No. Because the domain signing the spam is not the domain sending the spam. 
What’s happening is that people are sending a single message through a system, 
getting it signed with a different domain’s DKIM key and then taking that 
message to a third party platform (or botnet) and sending it out. 

In many cases, the reason the mail isn’t going out through the signing domain 
is because the signing domain’s anti-spam heuristics are good enough that the 
sender couldn’t maintain an account there long enough to send out any volume of 
email. That’s why the domain has a good reputation - because they block spam 
off their network. This is a way to steal the good reputation from the good 
ESP. 

> I would like to understand what is the technical characteristic of these 
> messages that is distinct from the non-bad ones.  As far as I can tell (and 
> this isn't the first time I've run across these discussions), there isn't  
> one.  
> If that's the case, then I don't think there's an actual technical solution 
> to 
> this problem.
> 
> Once work is chartered in the IETF, it tends to get a certain momentum toward 
> producing a result.  Before agreeing that we have a charter to solve a 
> problem, I'd like to understand we have a problem that can be solved, even 
> though that requires a bit of discussion at a more detailed level than what 
> eventually goes in the charter.

> Leaving aside algorithms and processes for a moment, could someone describe 
> how an technically proficient human would examine one of these messages and 
> determine they are "bad"?

There are a couple of characteristics that stand out. 

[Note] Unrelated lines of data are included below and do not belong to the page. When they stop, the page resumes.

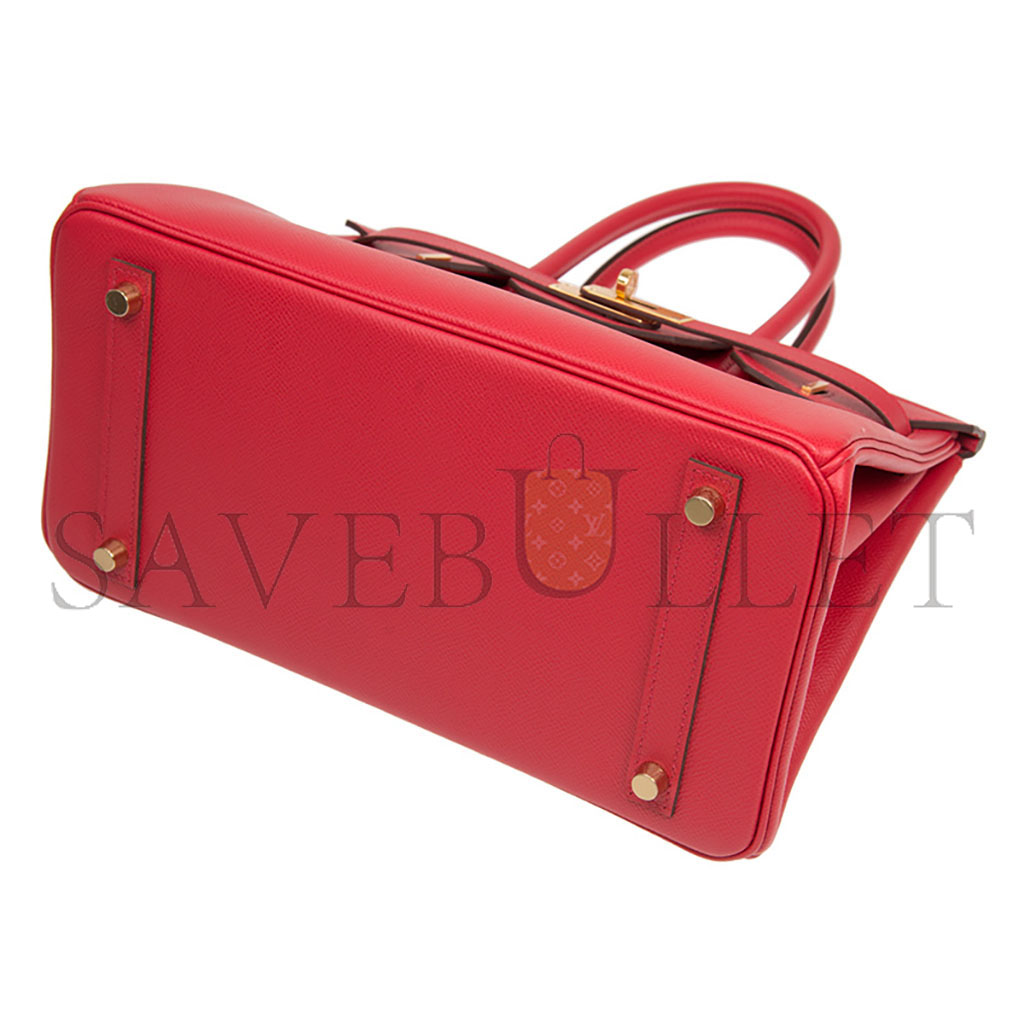 H**mes birkin 30 epsom leather extreme pink gold buckle handbag h028369cc16 (30*23*15cm)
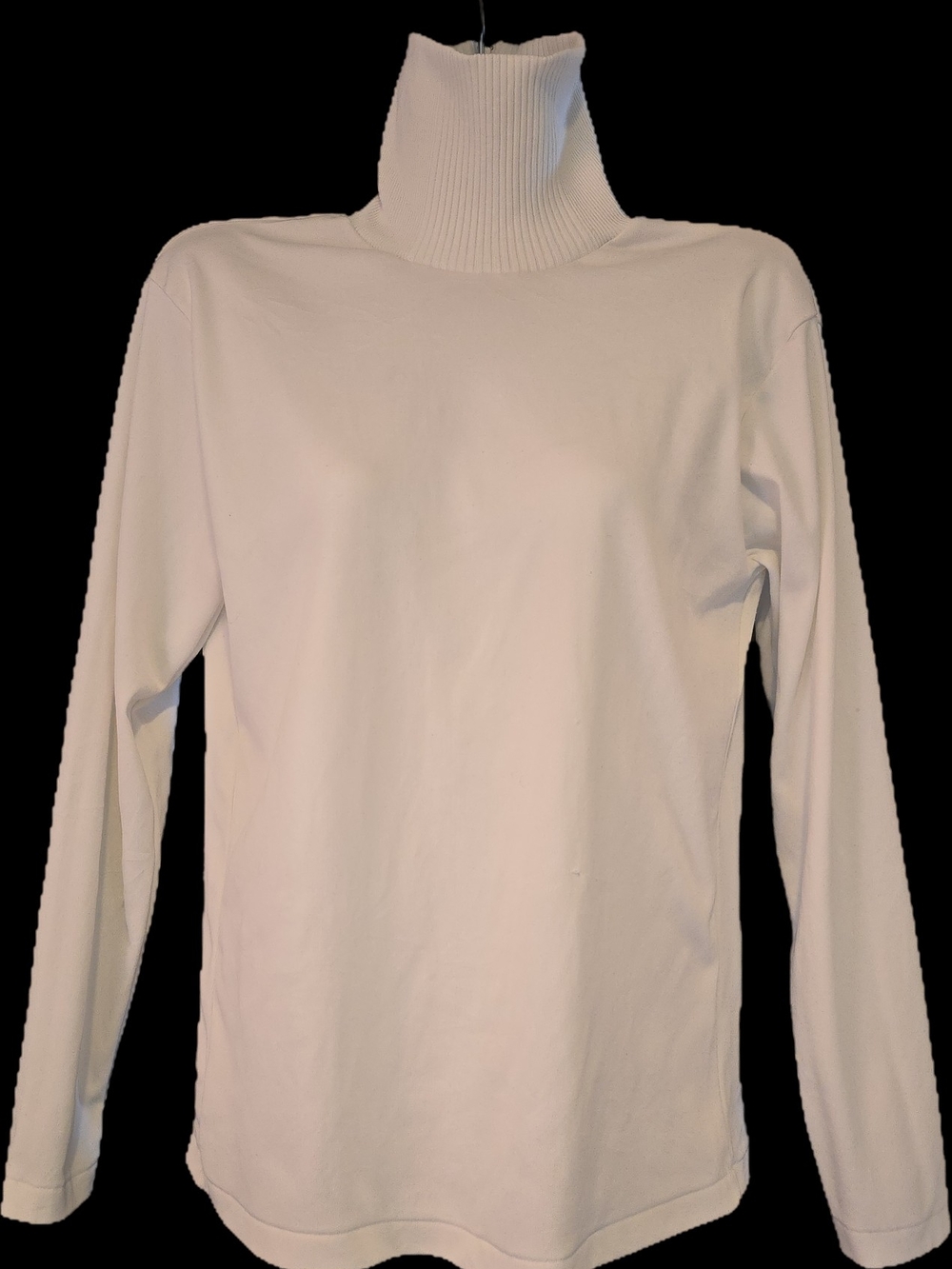70s True Vintage Women's White Ribbed Turtleneck Long Sleeve Top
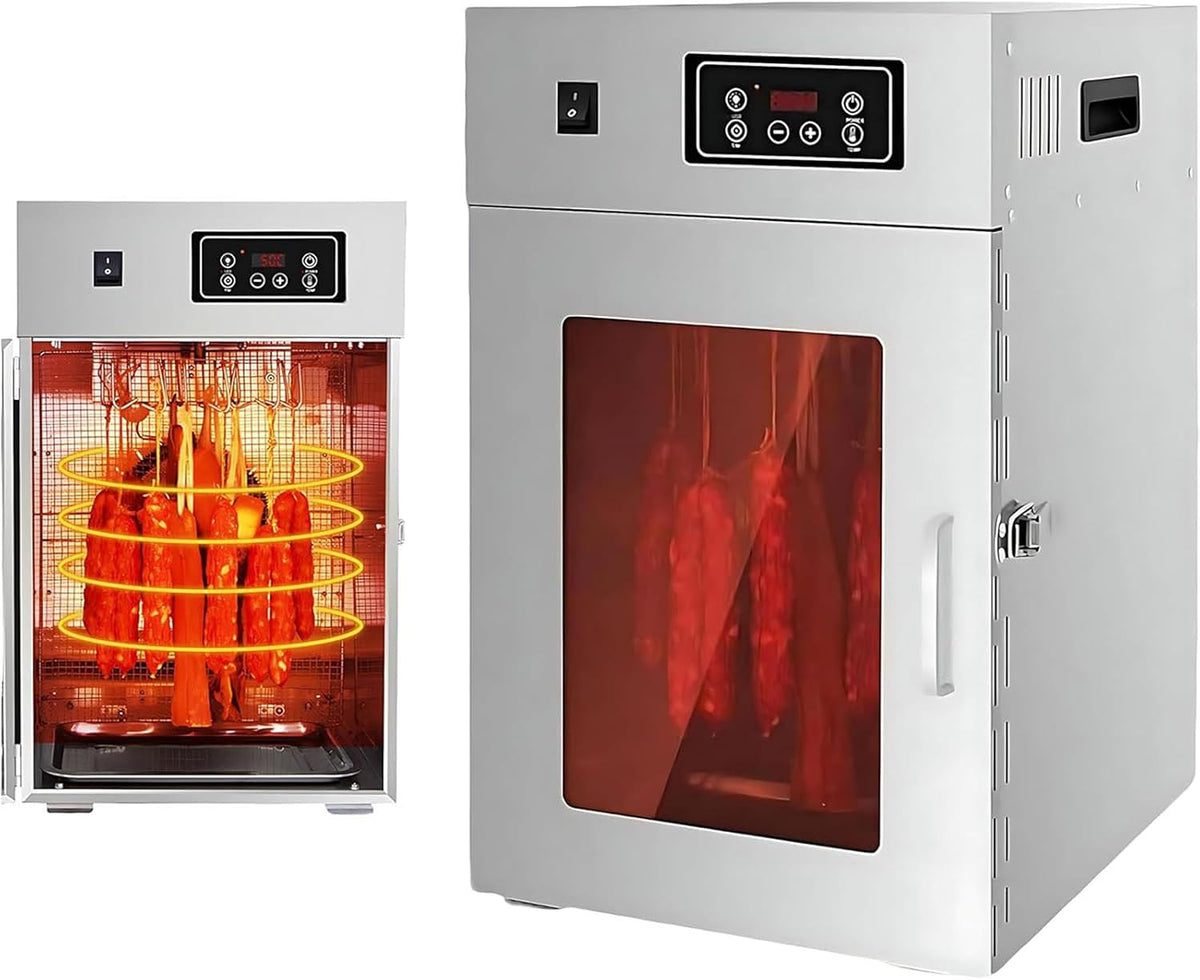 Memykoy déshydrateur alimentaire, 34 × 40 × 55,5 cm, 800 W, 110 V/220 V, 15 kg, Acier inoxydable, Argenté, Chambre de maturation de viande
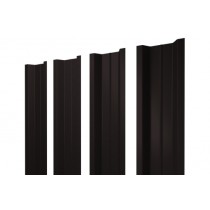 ГРАНД ЛАЙН Штакетник П-образный В с прямым резом 0,5 Drap TX RAL 9005 черный 572344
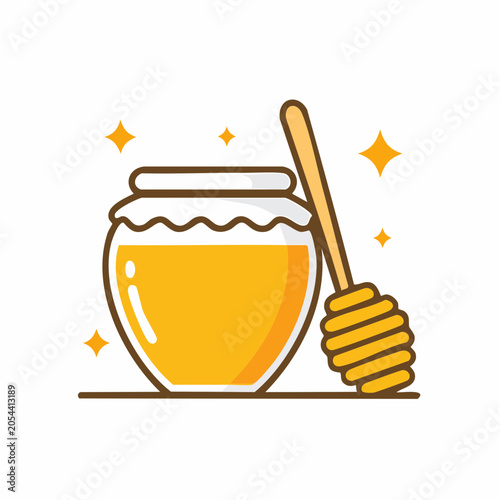 Jar of Honey with Honey Dipper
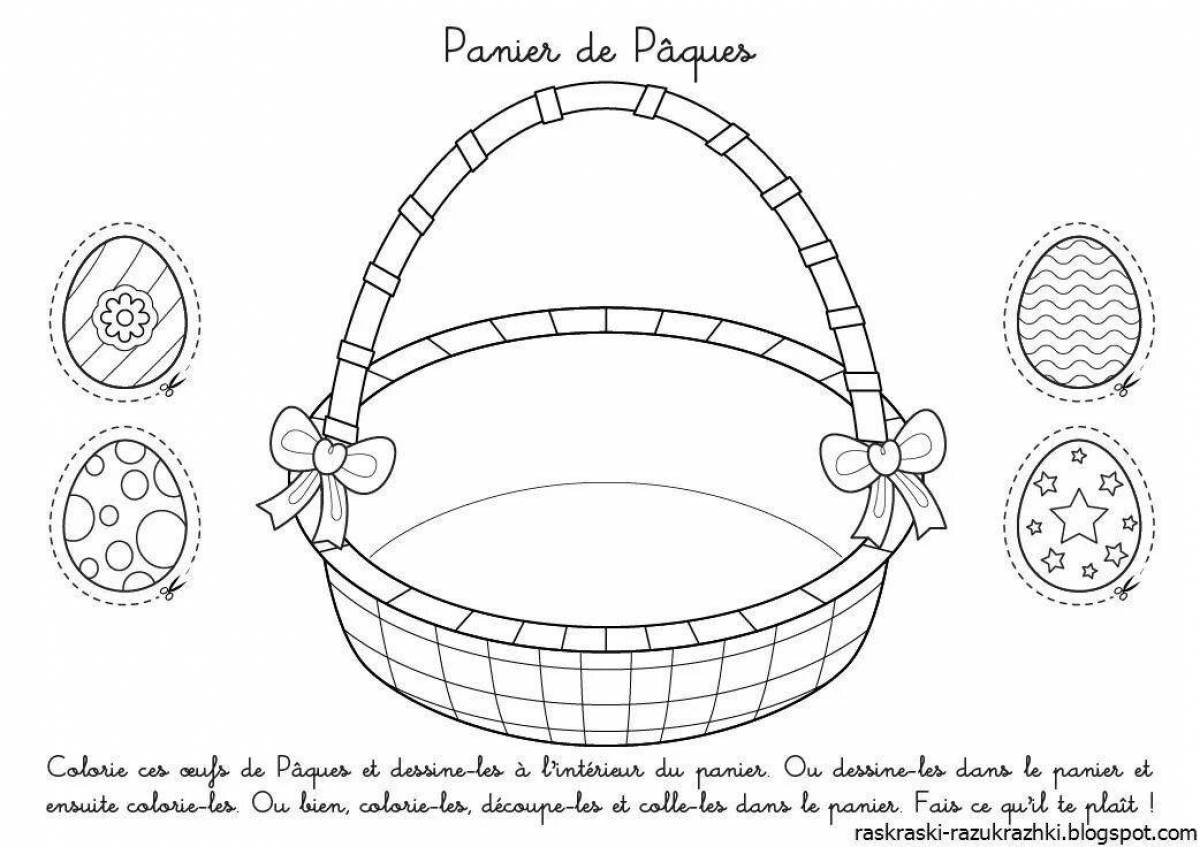 Coloring dazzling basket for children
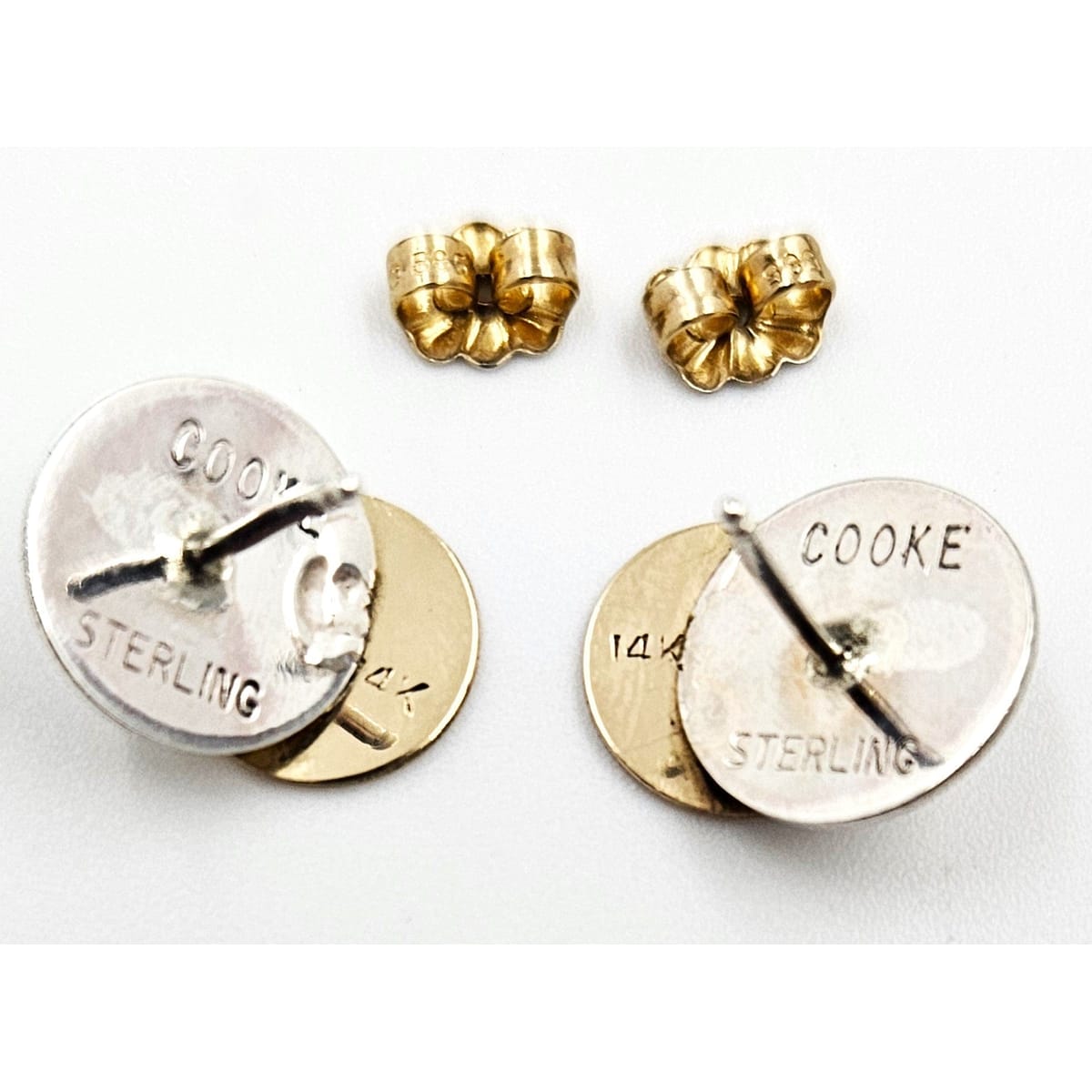 Betty Cooke Jewelry Superb Betty Cooke Modernist Sterling + 14K Double Disc Earrings Circa 1960s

1) They’re coming through infrastructure distinct from the infrastructure that 
normally sends those signed messages out. So, someone will open up a trial 
account at a ESP, send one message with the spam content they want to 
themselves and get the ESPs signature on it. Then they’ll take that message and 
send it out through a different sending system that does not change any of the 
signatures. 

2) The messages often have two different To: lines

laura 

> 
> I'll think about what else needs to be there from a compatibility 
> perspective.  
> I need to re-read the drafts and think about it first.
> 
> Scott K
> 
> On Thursday, November 10, 2022 5:35:08 AM EST Barry Leiba wrote:
>> We could add a sentence or two that says we’re seeing increasing spam
>> campaigns that use DKIM replay to get their spam sent out, taking advantage
>> of — and subsequently damaging — the reputation of the domain that signed
>> the original message.  Do you think that would be useful?
>> 
>> More detail than that doesn’t belong in the charter.  I would expect to put
>> more detail in the Introduction section of the document we come up with.
>> 
>> The “compatibility” part of the charter, and the discussions of what the
>> ultimate solution will be, will be what handles the “not breaking email
>> architecture” and minimizing damage to legitimate email flows.  I don’t
>> think more of that detail needs to be in the charter either, but if you
>> disagree please suggest specific text you’d like to see.
>> 
>> Barry
>> 
>> On Wed, Nov 9, 2022 at 7:56 PM Scott Kitterman  wrote:
>>> I think having a precised understanding of the problem that the charter is
>>> meant to address is important.  I am having a hard time finding a
>>> technical
>>> distinction between a "replay attack" and the, by design, nature of DKIM's
>>> independence from transport details.
>>> 
>>> I have not read all the drafts, but the ones I have looked at seem to want
>>> to
>>> tie some aspect of a DKIM signature to something in the envelope.  I think
>>> that would be a 5321/5322 layering violation that would make such
>>> proposals
>>> difficult for protocol based systems to implement.
>>> 
>>> I think there needs to be something about not breaking the architecture of
>>> email in the charter based on what I've read so far, but I don't think I
>>> have
>>> a fine enough understanding of the problem yet to propose words.
>>> 
>>> Understanding and bounding the problem is, I think, an essential
>>> prerequisite
>>> to the charter.  We've seen efforts fail before due to a lack of consensus
>>> on
>>> the exact problem (DBOUND comes immediately to mind).
>>> 
>>> Even if there's no report, I think we should make sure we understand the
>>> problem first.
>>> 
>>> Would someone who's pushing for a solution please describe what's being
>>> done
>>> that's technically distinguishable from something like traditional email
>>> forwarding (e.g. using may alumni.example.e

Re: [Ietf-dkim] DKIM reply mitigations: re-opening the DKIM working group

2022-11-10 Thread Murray S. Kucherawy
On Thu, Nov 10, 2022 at 12:54 PM Laura Atkins 
wrote:

> In many cases, the reason the mail isn’t going out through the signing
> domain is because the signing domain’s anti-spam heuristics are good enough
> that the sender couldn’t maintain an account there long enough to send out
> any volume of email. That’s why the domain has a good reputation - because
> they block spam off their network. This is a way to steal the good
> reputation from the good ESP.
>

Interesting.  Almost seems like "SPF against the signing domain" could be a
win, except for all the usual forwarding concerns.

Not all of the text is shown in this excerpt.